Session 1
Date: Tuesday, January 9th
Time: 2:30-5:30 (EST)
Mode: HYBRID
Location: Kinsmen Building: Room 277,York University, Keele Campus
Refreshment provided before the lecture
Virtual Zoom Link: https://yorku.zoom.us/j/93413853275?pwd=VFpYc29Eb3JKN2JZVnBPajYyczhBQT09
Speaker: Dr. Grunnill
Dr. Grunnill conducted his postdoctoral fellowship at USGS & Uni of Wisc. (Madison) in 2017 – 18, where he developed agent based modelling of plague in prairie dogs. He was a Senior Mathematical Modeller at Public Health England (later UK Health Security Agency) during 2019-2021 where he first used ODE modelling for evaluation of ODE modeling of AMR, and then involved in developing research software (gradient descent fitting, dynamic networks, agent based modelling) and simulations of COVID. In 2021, he joined LIAM as a postdoctoral fellow, playing a key role in the collaborative project with Sanofi to model COVID-19 mitigation at mass gathering event (FIFA 2022). With a secondment to Public Health Ontario, funded by the Mathematics for Public Health network, he partaked in the project on phylogenetics & phylodynamics of respiratory pathogens (EV-D68).
Topic: Python and PyGOM tutorial
Python is a widely-used coding language known for its extensive packages in Data Science, Mathematics, and Machine Learning.
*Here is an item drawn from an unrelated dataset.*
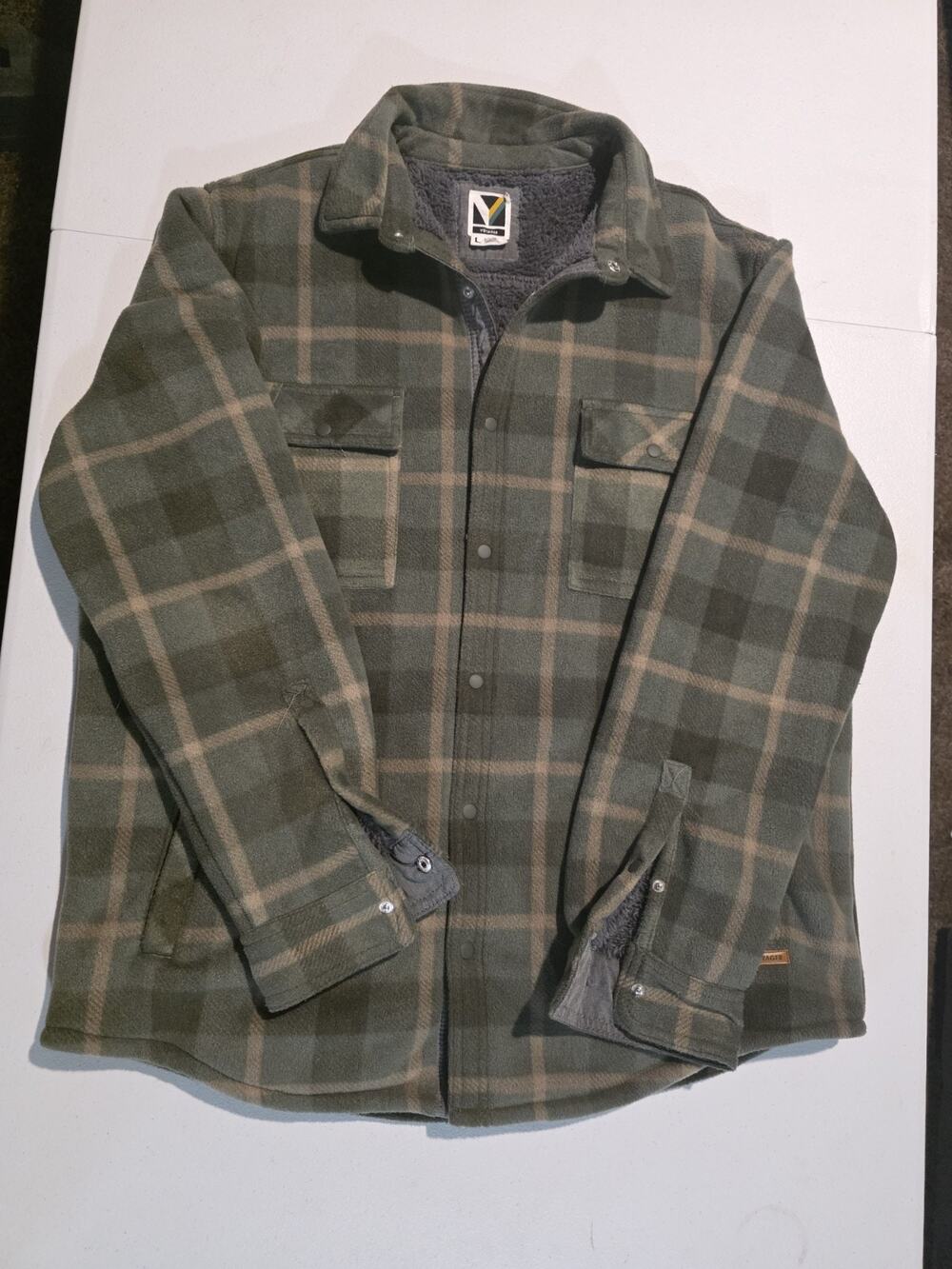 Voyager Men Remote Fleece Shirt Green Olive Sz Large Shacket Plaid Sherpa Lined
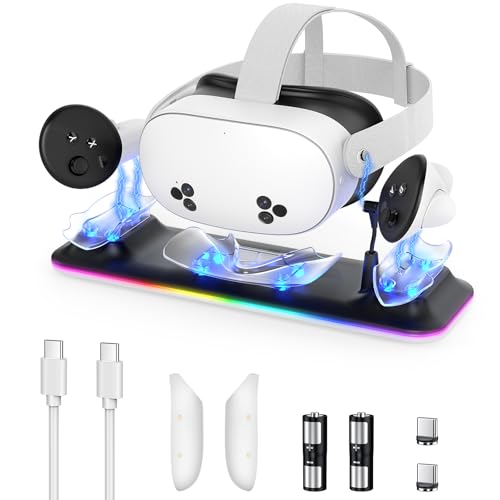 Charging Dock for Meta Quest 3S/3, Kinwin Magnetic Charging Station for Oculus Quest 3S/3 Accessories with RGB Light, Charging Stand for VR Headset & Controller with 2 Rechargeable Batteries - color: Black & White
It’s favored for its readable syntax and considered easy to learn. Python is also open-source, making it ideal for sharing research code.
This class covers Jupyter Notebook, Python basics, Numpy for handling arrays, Pandas for Dataframes and Series, and PyGOM for modeling ODEs, with a focus on epidemiological modeling and tools for R0 estimation.